Tuesday, December 30, 2008

Meta-blogging

In reading other blogs, the well-written, thoughtful, entertaining, interesting blogs that I aspire to be like, I find that people talk about controversial topics without worrying whether people will like them for their opinions, and that they reveal their personal feelings about intimate details of their lives. I'm not quite there yet.

I can barely even handle the basic parts of this so far - notice that most of my posts revolve around a picture or a 3/4 of a century old newspaper article. I started a blog because I had lots of thoughts in my head that I wanted to write down, and I wanted to do something more with them than just save them to my C drive when I was finished. I find myself with nothing to say more profound than "boy, this is hard."

The technical parts of it are even worse. Sitemeter? Adsense? Seems to be the thing to do on a blog, but what the heck do I actually DO? How does all this stuff work? Is there any point? HTML? Javascript? What does that even mean?

The actual soul-baring blogging that is so worth reading when it comes from others scares me when it (potentially) comes from me. Revealing my personal feelings about intimate parts of my life? That would entail telling other people my personal feelings about intimate parts of my life. What if someone I knew found this blog and found out my personal feelings about intimate parts of my life? And saying controversial things? I have plenty of thoughts on "sensitive issues" brewing in my head, but those are the ones that might make people dislike me. I'm brand new to all this. Currently, I'm disguising my general fear of rejection and being disliked behind a rational thought process that says "I have to give people an opportunity to like me before I give them ample chances to dislike me."

Maybe someday.

Monday, December 29, 2008

Brooklyn Man Lost on Coast Wins A Bride

Cute story, from the Brooklyn Standard Union (via www.bklyn-genealogy-info.com):

Three years ago Samuel SCHUHALTER, assistant manager of the Folly Theatre, felt that he needed a vacation. He decided to spend it with relatives in California. When he reached San Francisco he became confused and stopped a young woman and asked to be directed to the train that would take him to Pasadena. “I was going to ask you the same favor”, replied the young woman. They soon discovered that they were both from Brooklyn. And there started a romance. The young lady introduced herself as Miss Frances RASHAP, daughter of Rabbi Isaac RASHAP. Thursday night, in the presence of many friends, the couple were married at the The Chateau, 2560 Ocean avenue. Ida RASHAP was maid of honor. The bridesmaids were Harriett SCHUHALTER, Bella ROSINSKY, Esther ROSENBERG and Mildred LEISTEIN. Following the ceremony there was a reception. The couple will spend their honeymoon touring Europe. They will make their home in Manhattan Beach.


Sunday, December 28, 2008

After those nice, easy scarves, I'd forgotten what a pain it is to join squares for a blanket. My poor cousin's going to be 2 months old before she gets her baby blanket.
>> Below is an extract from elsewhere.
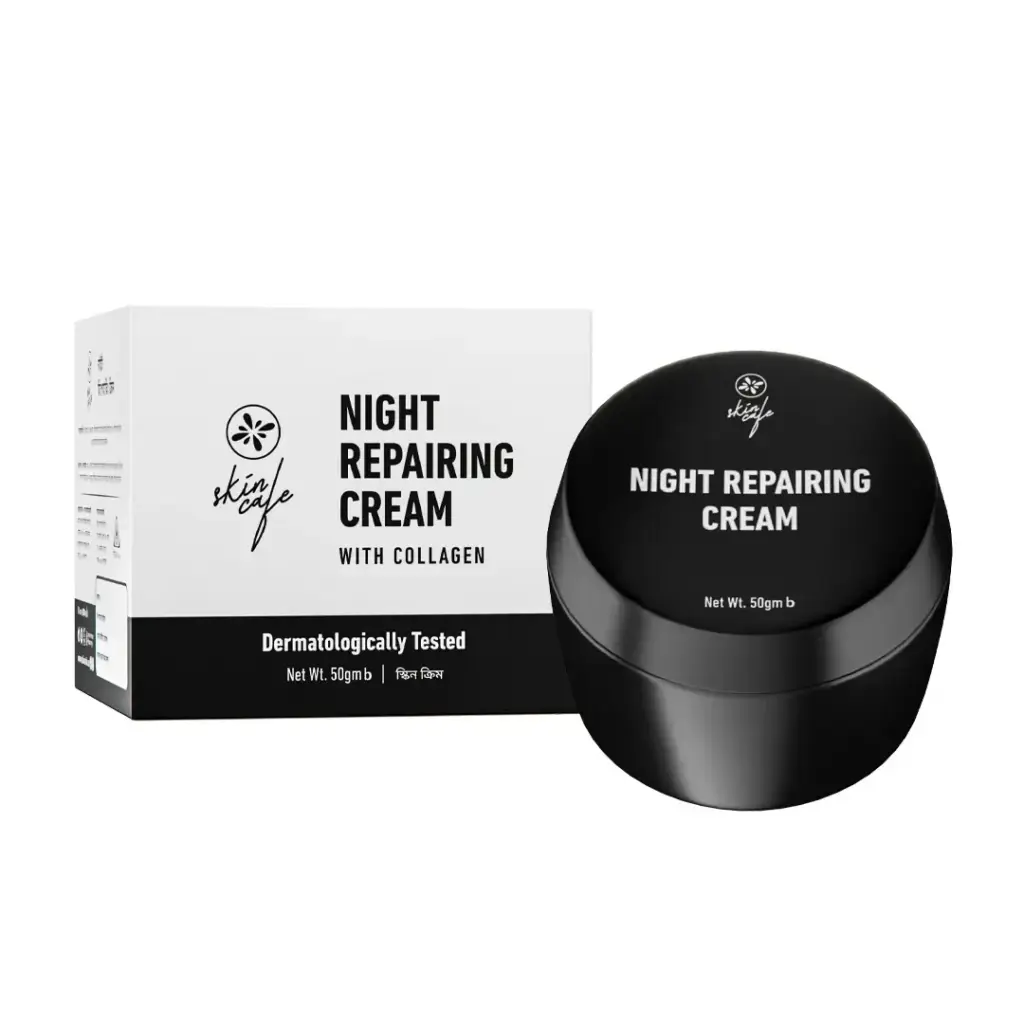 Skin Cafe Night Repairing Cream With Collagen Size: 50gm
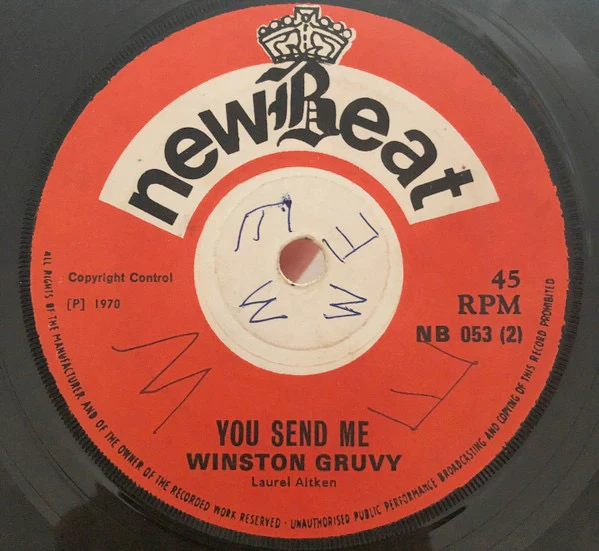 WINSTON GROOVY, Standing At The Corner / You Send Me (newBeat; NB 053, UK 1970, Solid Centre) 7" /VG - Image 2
Saturday, December 27, 2008

Another scarf


Scarves were a big Christmas gift this year, because I had bullied my family into a non-commercial Christmas (or I'd tried, anyway - the clothes and digital camera my parents got us weren't exactly handmade). This is the one I made my dad. It's based on a pattern from my pattern-a-day calendar (this one attributed to Dinna Diaz of theyarntree.com), but the effect was very different, since I used a size I instead of a size S hook, and I didn't add the fringe that seemed a pretty defining feature of the original. (Seemed a little girly for a man, and we have to protect my dad from his own impulses to wear whatever anyone gives him. That lavender sweater never should have seen the light of day in a men's department, but when it did, and he was given it, the poor man wore it for years.) It's crocheted using two yarns at once, something I'd never tried before. I absolutely loved the effect, and I think I'll do it again.

Friday, December 26, 2008

Scarf

I'm not sure whether this type of feature will be interesting to anyone, but I'm going to post pictures of my completed crochet projects here, on the rare occasion that I complete a crochet project. This is a scarf I made my sister (the older of my two younger sisters, hereafter known as Suellen) for Christmas. I got the pattern off of a Pattern-a-Day calendar (where it's called the Neapolitan Ribbon Scarf and attributed to Megan Dann Fesinmeyer of pensivefrog.com), although I modified it ever so slightly to increase the length and width. The pink and black I had at home, leftovers from I-don't-remember-what, and I picked up the grey (they added a Michael's near my house!) for the third color. Suellen seemed less than thrilled with it at first, but warmed up to it once she saw it in the mirror. I very much hope she wasn't just pretending to warm up to it. Her initial reaction was to wear it as a belt, which surprised me. As long as it makes her happy.


Thursday, December 25, 2008

Merry Christmas!

Merry Christmas! (A greeting to any future readers I may one day acquire.)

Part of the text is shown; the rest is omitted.